A moins d'hériter ou de gagner au loto, on ne peut pas devenir rentier avec de l’argent qui tombe du ciel. Ce serait trop facile. Cela signifierait que n’importe qui peut le devenir sans effort. Et pourtant il faut bien qu’à un moment donné certains d’entre nous aillent au labeur pour faire tourner la société. En travaillant pour économiser puis en plaçant cet argent sur des entreprises qui génèrent des profits on permet à la société de continuer à prospérer.
Donner de l’argent sans aucune contrepartie, cela signifie au contraire la mort du système. Au début, pendant quelques temps, tout ira bien. Mais rapidement il n’y aura plus personne pour créer de la richesse, plus d’argent pour payer les impôts, plus de personnes qui voudront se former, plus de main d’œuvre pour les entreprises, et au final plus d‘argent, que ce soit pour l'Etat, les entreprises ou les particuliers.
Alors oui, à titre purement égoïste et avec une vision à court terme, on pourrait voter oui à cette initiative.
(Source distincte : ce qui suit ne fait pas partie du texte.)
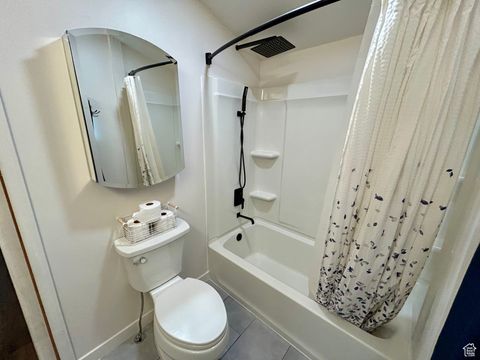 Tiny photo for 545 E 600 S, Payson, UT 84651 (MLS # 2119005)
Mais le risque est énorme. Bien plus risqué que d’investir son argent dans des sociétés payeuses de dividendes. C’est le plus sûr moyen de faire faillite, au niveau national.
Ces considérations financières mises à part, on peut aussi se demander d’un strict point de vue personnel quel degré de satisfaction on peut tirer d’une telle démarche. En effet, le chemin vers l’indépendance financière est un parcours initiatique en tant que tel. Il implique de la discipline, de l’abnégation, du courage et de la persévérance. Il comporte des pièges, des embûches, mais aussi des moments de joie et de fierté. Finalement le chemin est autant, si ce n’est plus important que le but. Et lorsqu’on on y est arrivé, on peut être fier de sa réussite, qu’on doit essentiellement aux fruits de son propre travail, pas à celui des autres.
Recevoir de l’argent de l’Etat, sans aucune contrepartie n’est au contraire pas très valorisant. On peut même se demander ce que fera la personne de cet argent qui tombe du ciel. Elle n’a pas été habituée à gérer cette situation, à économiser et à investir. La tentation est alors grande de dilapider le revenu reçu et de se laisser aller. Le rentier en herbe au contraire connaît la valeur de l’argent et sait le faire fructifier. C’est son argent, pour lequel il a durement travaillé. Il saura en profiter, prendre des bons moments, mais il saura aussi ce qu’il faut faire pour que ces bons moments puissent perdurer.
Alors soyons responsables et votons non à cette fausse bonne idée.